When I first heard about this initiative, I loved it unreservedly, because I had wanted to do something similar myself.
Indeed, a lifelong ambition of mine has been to build a house somewhere with a lot of space, and add on a big circular library. You know, one of those tower like structures that's three storeys high, the shelves rise up to dizzying heights, with a massive stained glass window on the top. It would be like my own little wizard's enclave, a place where Raistlin would feel at home.
But could I hold the world's books? And for what purpose? In the event of Armageddon, or some sort of nuclear holocaust, it would be a place that could help the world rebuild. It would be the center of a brand new civilization, and oasis of knowledge and learning in the midst of ignorance and savagery.
But when was the last time the whole world ended?
Maybe one day I will build a library like that, but it would only be an ornament, really. Not something that could enrich the lives of others, unless I wanted to turn my home into a public space, and I'm sure the wife would have reservations about such a plan.
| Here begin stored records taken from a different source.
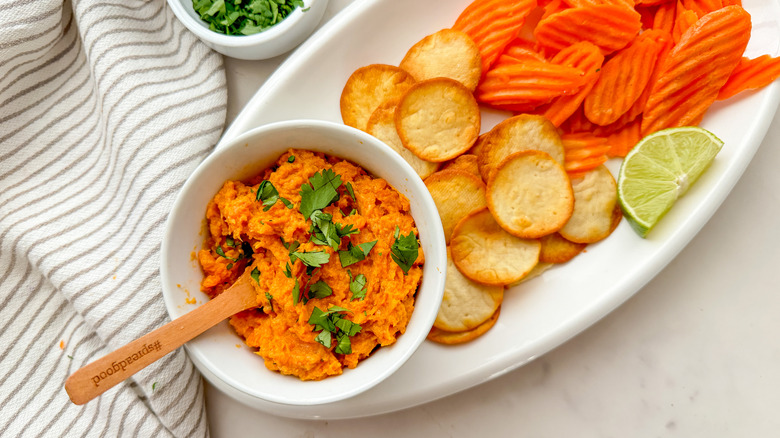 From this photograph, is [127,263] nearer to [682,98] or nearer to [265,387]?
[265,387]

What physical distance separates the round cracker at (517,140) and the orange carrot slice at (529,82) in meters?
0.06

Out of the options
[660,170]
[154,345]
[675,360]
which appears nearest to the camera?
[154,345]

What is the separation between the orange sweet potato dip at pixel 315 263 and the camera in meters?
1.39

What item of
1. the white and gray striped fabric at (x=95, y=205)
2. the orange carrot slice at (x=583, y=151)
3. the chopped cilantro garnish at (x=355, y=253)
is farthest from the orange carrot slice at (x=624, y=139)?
the white and gray striped fabric at (x=95, y=205)

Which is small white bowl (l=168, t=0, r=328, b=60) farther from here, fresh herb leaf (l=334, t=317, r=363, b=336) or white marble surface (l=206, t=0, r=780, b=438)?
fresh herb leaf (l=334, t=317, r=363, b=336)

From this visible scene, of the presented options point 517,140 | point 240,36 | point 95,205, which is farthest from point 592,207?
point 95,205

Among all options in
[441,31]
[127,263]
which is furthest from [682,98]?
[127,263]

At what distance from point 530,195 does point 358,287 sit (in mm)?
585

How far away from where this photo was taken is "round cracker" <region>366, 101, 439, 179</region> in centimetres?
169

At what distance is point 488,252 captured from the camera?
5.44 ft

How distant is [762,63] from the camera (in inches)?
63.5

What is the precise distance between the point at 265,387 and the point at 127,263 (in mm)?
622

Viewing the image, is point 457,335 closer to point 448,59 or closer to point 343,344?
point 343,344

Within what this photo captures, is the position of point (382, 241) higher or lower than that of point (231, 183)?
lower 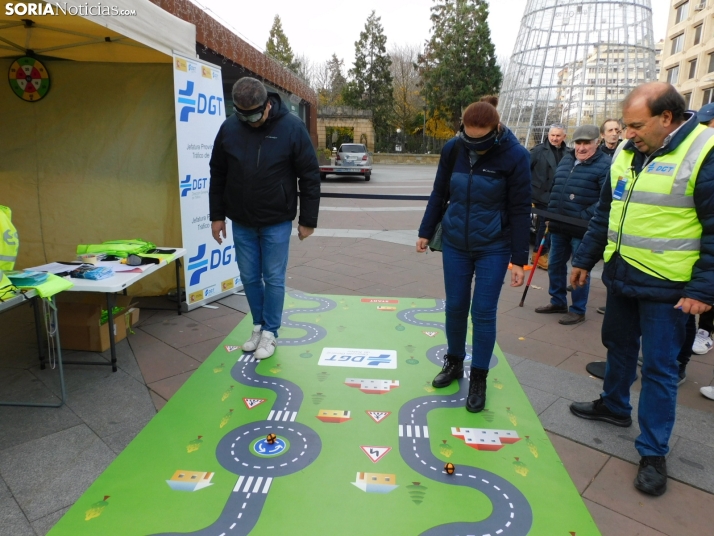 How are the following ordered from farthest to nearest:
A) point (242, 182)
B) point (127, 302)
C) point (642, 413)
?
point (127, 302), point (242, 182), point (642, 413)

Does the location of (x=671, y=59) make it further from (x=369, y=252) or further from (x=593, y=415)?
(x=593, y=415)

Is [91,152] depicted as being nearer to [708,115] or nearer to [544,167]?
[544,167]

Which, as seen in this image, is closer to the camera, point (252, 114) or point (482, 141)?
point (482, 141)

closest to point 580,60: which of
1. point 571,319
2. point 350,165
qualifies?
point 571,319

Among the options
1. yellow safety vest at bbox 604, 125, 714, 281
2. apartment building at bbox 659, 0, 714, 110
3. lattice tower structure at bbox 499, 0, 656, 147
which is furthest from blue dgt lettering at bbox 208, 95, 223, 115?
apartment building at bbox 659, 0, 714, 110

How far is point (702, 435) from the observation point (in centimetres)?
278

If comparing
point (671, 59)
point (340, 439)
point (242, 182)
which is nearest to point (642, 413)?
point (340, 439)

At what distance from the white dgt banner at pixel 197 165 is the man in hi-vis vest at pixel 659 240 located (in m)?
3.40

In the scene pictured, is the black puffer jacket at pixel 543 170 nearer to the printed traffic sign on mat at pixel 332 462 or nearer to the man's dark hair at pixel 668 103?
the printed traffic sign on mat at pixel 332 462

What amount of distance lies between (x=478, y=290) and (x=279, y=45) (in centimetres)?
5389

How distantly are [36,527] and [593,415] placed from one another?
112 inches

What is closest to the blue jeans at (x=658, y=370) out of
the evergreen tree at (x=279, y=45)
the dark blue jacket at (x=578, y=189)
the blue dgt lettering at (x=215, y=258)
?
the dark blue jacket at (x=578, y=189)

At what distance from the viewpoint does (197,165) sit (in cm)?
453

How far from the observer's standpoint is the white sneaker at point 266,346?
3.59m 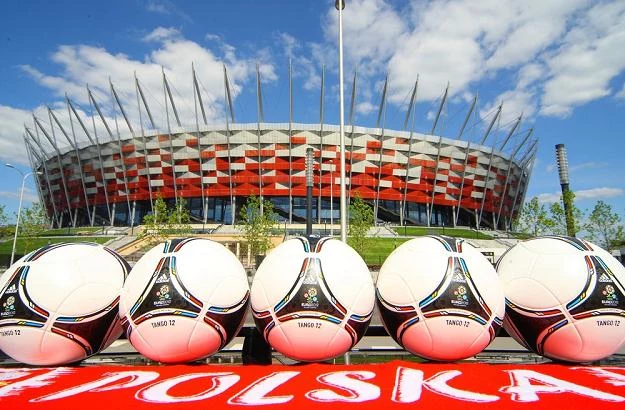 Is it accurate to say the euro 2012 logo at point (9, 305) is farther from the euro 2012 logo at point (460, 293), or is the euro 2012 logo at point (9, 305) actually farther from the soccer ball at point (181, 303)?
the euro 2012 logo at point (460, 293)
Besides, what I imagined doing was and still lay firmly in the realm of my own imagination. In practice, I seem to have gone in reverse, as I have become one of those people who now sheds books after using them. But Google isn't talking about a cool idea, or a grand notion, they're in the business of making it happen.
And that's where I get mystified by the response Google has gotten. A huge number of the books they have been dealing with are out of print, the author has died but no copyright owner can be found, or their is no indication of the clear holder of the copyright. In other words, these are books existing in a form of purgatory, of no real use to society at large, yet representing a massive amount of intellectual capital.
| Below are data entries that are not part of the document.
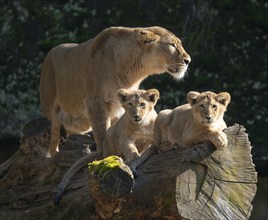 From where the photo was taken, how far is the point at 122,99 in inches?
368

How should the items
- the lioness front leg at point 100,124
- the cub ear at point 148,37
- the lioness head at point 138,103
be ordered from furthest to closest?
the cub ear at point 148,37, the lioness front leg at point 100,124, the lioness head at point 138,103

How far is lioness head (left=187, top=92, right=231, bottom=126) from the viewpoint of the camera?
8.39 meters

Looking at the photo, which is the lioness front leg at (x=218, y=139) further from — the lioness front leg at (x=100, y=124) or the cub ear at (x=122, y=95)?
the lioness front leg at (x=100, y=124)

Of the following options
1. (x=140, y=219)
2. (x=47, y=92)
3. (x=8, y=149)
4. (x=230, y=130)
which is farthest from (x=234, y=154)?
(x=8, y=149)

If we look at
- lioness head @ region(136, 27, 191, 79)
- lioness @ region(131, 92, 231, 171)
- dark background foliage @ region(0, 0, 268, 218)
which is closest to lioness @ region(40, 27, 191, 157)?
lioness head @ region(136, 27, 191, 79)

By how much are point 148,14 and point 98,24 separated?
3.25 ft

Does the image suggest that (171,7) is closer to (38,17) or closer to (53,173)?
(38,17)

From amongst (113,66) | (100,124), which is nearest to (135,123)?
(100,124)

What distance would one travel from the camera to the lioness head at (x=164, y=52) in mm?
10266

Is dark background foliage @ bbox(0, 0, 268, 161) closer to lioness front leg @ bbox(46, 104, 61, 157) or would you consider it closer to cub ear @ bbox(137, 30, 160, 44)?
lioness front leg @ bbox(46, 104, 61, 157)

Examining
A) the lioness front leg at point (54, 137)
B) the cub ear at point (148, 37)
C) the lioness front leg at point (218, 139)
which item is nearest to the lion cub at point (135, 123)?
the lioness front leg at point (218, 139)

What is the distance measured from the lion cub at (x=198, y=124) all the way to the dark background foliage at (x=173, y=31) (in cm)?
1045

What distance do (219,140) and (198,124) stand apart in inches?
10.4

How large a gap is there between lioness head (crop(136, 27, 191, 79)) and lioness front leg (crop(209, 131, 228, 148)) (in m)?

What Google found was a gold mine that nobody wanted, and nobody had ever bothered to even look at. So when Google staked their claim on all that empty territory, put a ton of resources into making something out of what had been abandoned as nothing, why only then did the howls begin. Accusations of monopoly where flung with abandon. Google was said to have vile, nefarious plans for locking up all the world's information, and leaving mankind in the dark.
All because they began digging up books that had been left to rot.
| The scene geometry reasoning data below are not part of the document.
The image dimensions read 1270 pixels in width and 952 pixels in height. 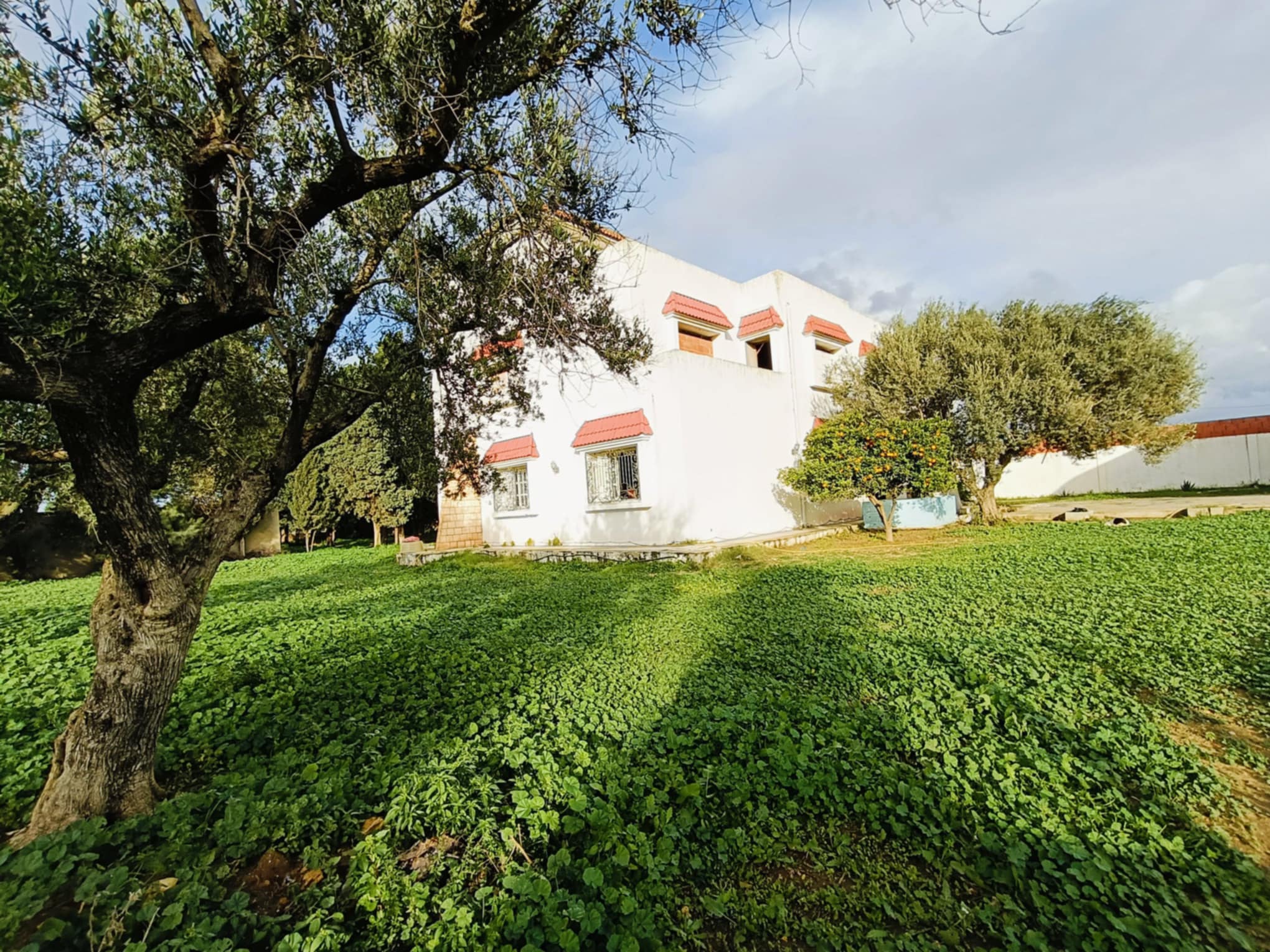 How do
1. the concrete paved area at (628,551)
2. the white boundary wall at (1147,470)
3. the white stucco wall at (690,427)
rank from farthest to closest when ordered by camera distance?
the white boundary wall at (1147,470) → the white stucco wall at (690,427) → the concrete paved area at (628,551)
The whole thing struck me as the rawest of hypocrisy. Let's say I found a book they had dug up, and I had to pay a fee to access it. Well, the very fact that I found out about the existence of that book was due to Google, and the fact that I could actually obtain access to a copy was due to Google. So why they heck shouldn't they be allowed to charge me? They did all the work, and I am reaping the benefit of that work.
As usual, what strikes me as common sense, often seems to be less than common, and I find myself on the thin edge of an argument wedge. Which is why is was gratifying to see Slate.com come to the rescue with an argument that puts paid to all that nonsense sprayed about by all those howling nincompoops out there.
Now if only a way can be found to make digital storage and retrieval permanent, then worries about the loss of information can be put to rest.
Crystalline storage, anyone?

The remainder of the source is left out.